Gamze Taşçıer: Ücret adaleti ve sendikal haklar da en az seçim sandığı kadar önemlidir
Türkiye’de sefaleti arayanlar ile adaleti arayanlar arasında büyük bir mücadele olduğunu belirten CHP Genel Başkan Yardımcısı Gamze Taşçıer, “8. Dönem Kamu Çalışanları Toplu Sözleşme takvimine göre Hükümetin teklif sunması gerek. Anlaşılan o ki; Kamu İşçisine 7 ay her gün ölümü gösterip, sonunda sıtmaya razı eden tek adam rejimi, devlet memurlarını direkt açlıktan öldürmeye hazırlanıyor. Böyle ciddiyetsizlik, böyle pervasızlık böyle insafsızlık olmaz. Ama ‘yaparsa AK Parti yapar’ diyerek caka satmayı marifet sananlar, zalimliğin hakkını veriyorlar. O yüzden diyoruz ki, bugün Türkiye’de ‘Sefaleti dayatanlar’ ile ‘adaleti arayanlar’ arasında büyük bir mücadele var.

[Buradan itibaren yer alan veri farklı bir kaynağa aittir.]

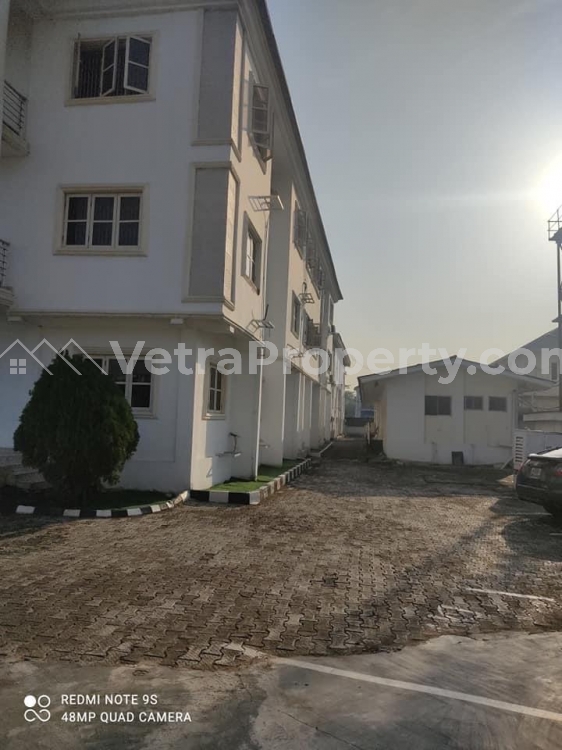  Newly Renovated Serviced Massive 3 Bedroom Apartments All Rooms Ensuite  3 bedroom Flat for Rent Surulere Lagos Vetra  Property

Bir tarafta; emeğin, özgürlüğün ve eşitliğin tarafında duranlar, diğer tarafta gelir adaletini sosyal güvenliği ve güvenceli çalışmayı ortadan kaldıranlar, insan onuruna yaraşır bir yaşamı yok edenler. Bu nedenle emeğin sesini gür biçimde duyurmak, farklı iş kollarında yaşanan yapısal sorunları kamuoyuna taşımak ve hak temelli bir emek siyasetini ortak akılla büyütmek ve iktidarın suni gündemlerini boşa çıkarmak için Emek Kürsüsünü hayata geçiriyoruz. Emekçilerin sözünü, siyasetin ve hayatın merkezine taşıma sorumluluğundayız. Çünkü ‘demokrasi’, yalnızca sandıktan ibaret. Emekçinin sofrasındaki ekmek, çalışma koşulları, işçi güvenliği, işçi sağlığı, ücret adaleti ve sendikal haklar da en az seçim sandığı kadar önemlidir.” diye konuştu.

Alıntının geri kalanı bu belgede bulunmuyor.